Themis Medicare Limited (“TML” or “Transferee Company”) is engaged in the business of manufacturing of finished formulations and synthetic Active Pharmaceutical Ingredients (“APIs”). The equity shares of TML are listed on the Stock Exchanges.
In 2022, TML decided to transfer its entire API business to its wholly owned subsidiary through slump sale which was pending due to pending approval from GIDC which was secured. However, with approval for the proposed merger with GTBL, TML terminated the business transfer agreement on account of change in the business environment and strategy re-alignment.
During 2007-09, TML acquired a direct stake in GTBL and stepped in as joint promoters of GTBL.
Gujarat Themis Biosyn Limited (“GTBL” or “Transferor Company”) is engaged in the business of manufacturing fermentation-based pharmaceutical intermediates and APIs. The equity shares of GTBL are listed on BSE. As on date, GTBL is an associate company of TML which held 23.19% equity stake in GTBL.
To date, GTBL has witnessed several ownership changes. Originally, GTBL was incorporated in 1981 as a joint sector company with GIIC Ltd. and Chemosyn (P) Ltd. It was subsequently taken over in June 1991 by Yuhan Group, South Korea and Pharmaceutical Business Group (India) Ltd. (PBG). It is being actively managed by Themis Medicare Ltd. since 2007 along with Yuhan Corporation. In 2021, Yuhan Corporation sold its entire circa 26% stake in GTBL to PBG.
On the production side, GTBL mainly focuses on 2 products, Rifa S is used as an input for Rifampicin and Rifapentine (used primarily to treat TB), while Rifa O is used for Rifaximin (used to treat Diarrheal). During the year 2020, the company changed its business model from contract manufacturing to own manufacturing and sales model. After fulfilling all the contractual obligations, GTBL was able to make the strategic shift which led to improved realisations and substantial improvement in margins. This change gave better access to markets and a competitive advantage.
Proposed Transaction:
The board of directors of GTBL & TML at their respective board meetings approved a scheme of merger which proposes to merge GTBL with TML. The appointed date for the proposed merger will be April 1, 2025 or such other date as may be approved by the Boards of both companies.

Rationale for the scheme
As envisaged under the proposed scheme, the following are the rationale for the consolidation of GTBL with TML:
- Integration of the entire product value chain under a consolidated entity
- This consolidation will lead to synergies of operations and facilitate long-term sustainable growth to enhance value for all stakeholders concerned;
- Optimal utilisation of resources to derive operating efficiencies and business synergies;
- Ability to sell products through the expanded distribution channels;
- Efficient utilization of capital to drive growth of the consolidated business under a single entity;
Share Capital & Swap Ratio
Upon the merger becoming effective, Themis Medicare Limited will issue and allot 118 equity shares of the face value of Re. 1 each, credited as fully paid-up, for every 100 equity shares of the face value of Re. 1 each fully paid-up, held by shareholders in Gujarat Themis Biosyn Limited.

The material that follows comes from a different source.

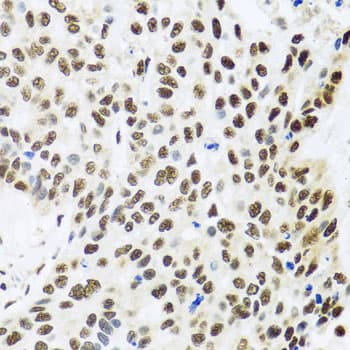 FUBP1 Antibody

| Particulars | GTBL | TML-Pre | TML-Post |
| No. of paid up equity shares of INR 1 each | 10,89,65,265 | 9,20,40,120 | 19,07,98,129 |
| Promoter Holding | 70.86%* | 67.15% | 64.52% |
*: Including 23.19% stake held by TML
As a result of the merger, TML’s existing holding in GTBL will get cancelled & new shares of TML will be issued to other shareholders excluding TML. Circa 9.87 crore equity shares will get issued by TML.
Financials
Please note:
- TML PAT is after considering its share in associate i.e. GTBL
- Core capital employed of TML is after deducting investment in associate which is recorded using equity method and GTBL after capital work in progress.

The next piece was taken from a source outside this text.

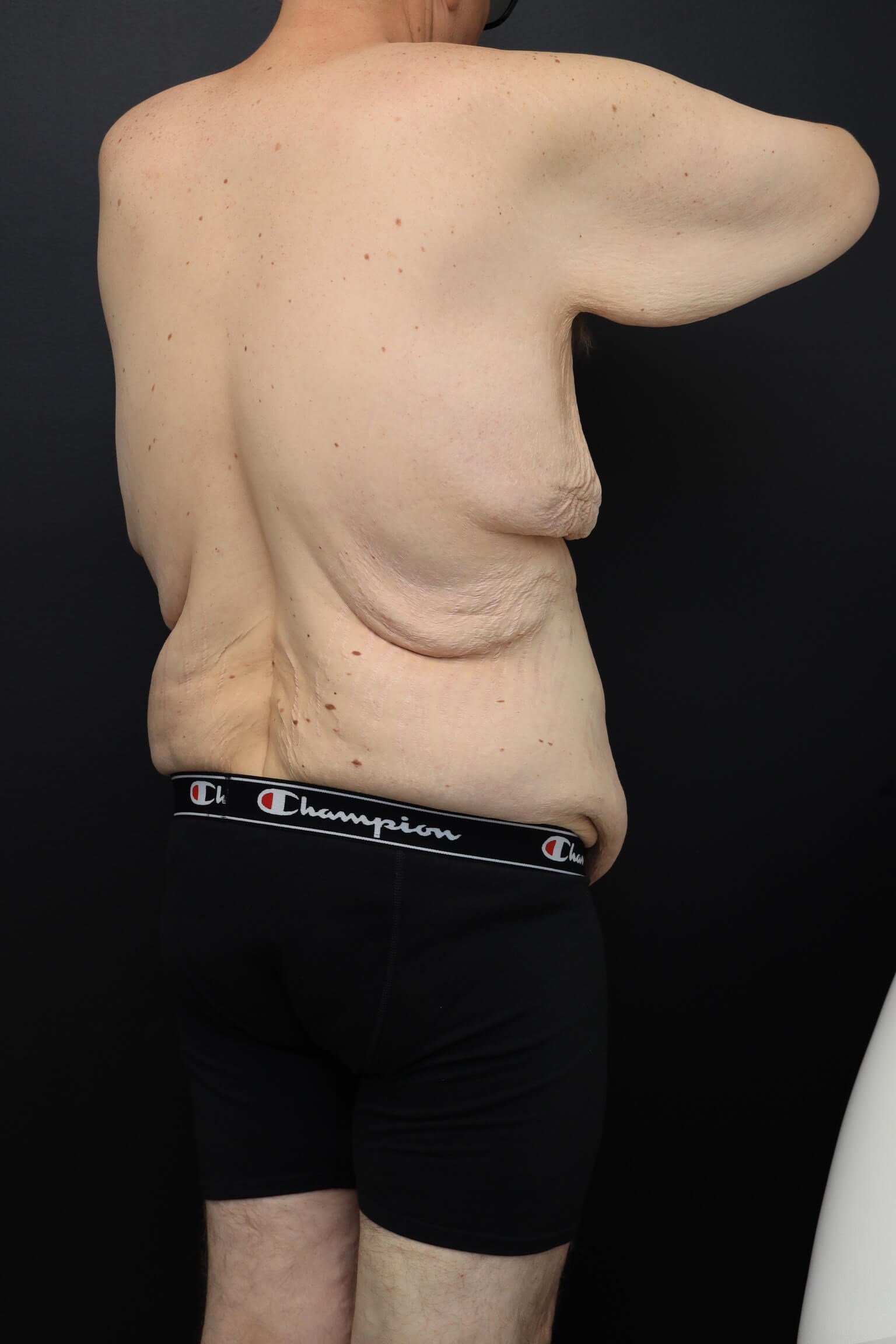 Right Posterior Oblique Before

GTBL is a niche pharma company which focuses on specific products which gives them an edge on margins and overall returns. After a long gap, GTBL embarked on a capacity expansion plan which will significantly enhance its capacity in the next year. TML though having a larger presence, its return and even absolute profit is lower than GTBL. After merger, the consolidated numbers for TML will likely improve.
Assigned Valuation
| Particulars | TML | GTBL |
| Assigned market capitalisation in valuation report (INR in Crore) | 2590 | 3610 |
| EV/EBITDA | 48 | 44 |
| PE Ratio | 60 | 61 |
TML valuation is considering its 23.1% stake in GTBL.

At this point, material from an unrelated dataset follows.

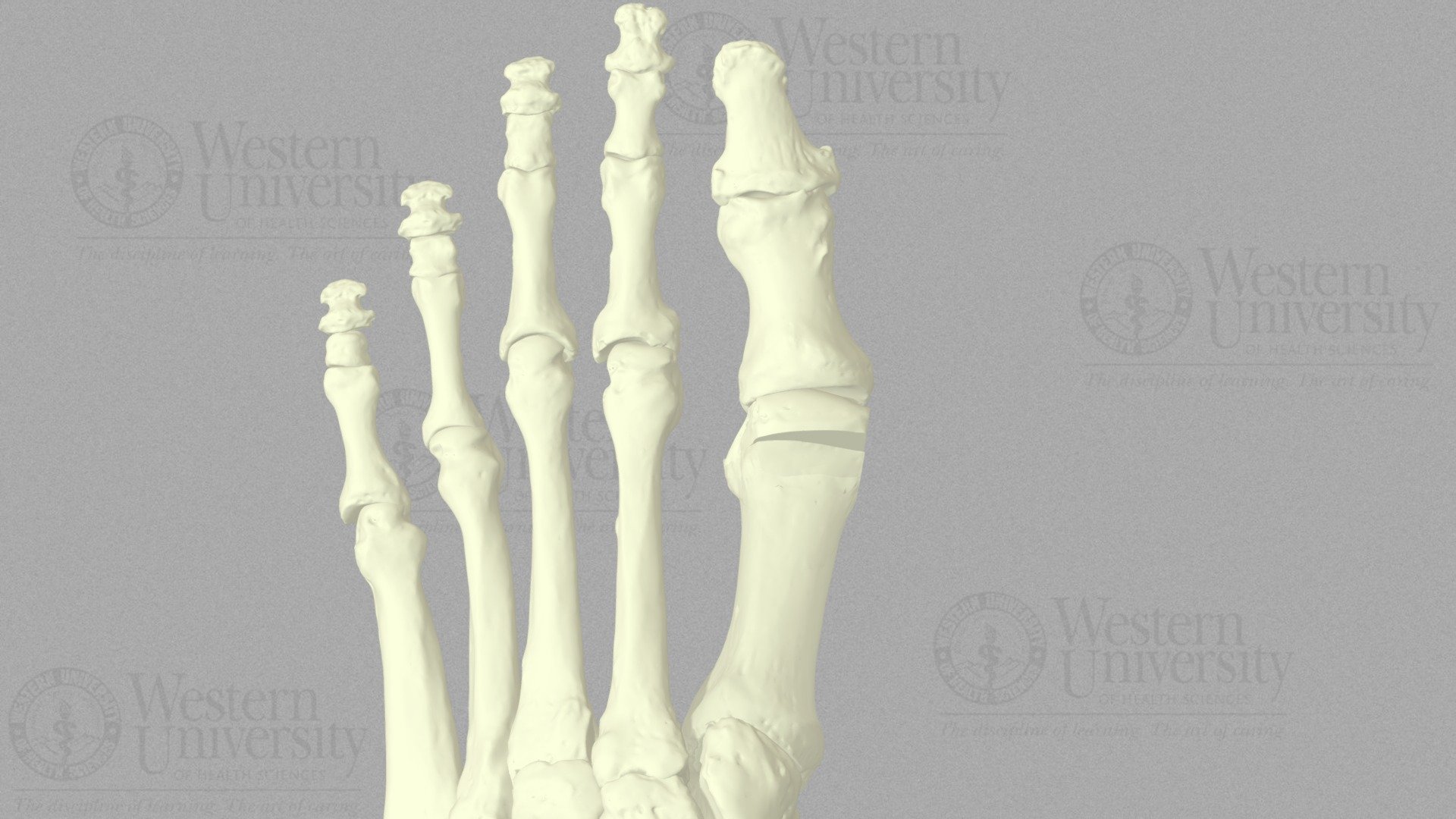 Reverdin Osteotomy D Model By Westernu D B Sketchfab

Interestingly, despite having superior margins and ratios, GTBL has been valued at almost par multiple with TML. There could be certain other reasons like product portfolio, TML stake in GTBL etc. for the same.
Conclusion
Currently, both TML & GTBL has been managed by the same set of promoters. Strategically, a merger is being announced post-buyout of its other longstanding strategic partner, Yuhan Corporation in GTBL.
On one hand, GTBL is engaged in niche products while TML has a diversified product base. Going forward, it will be interesting to see a return for minority shareholders.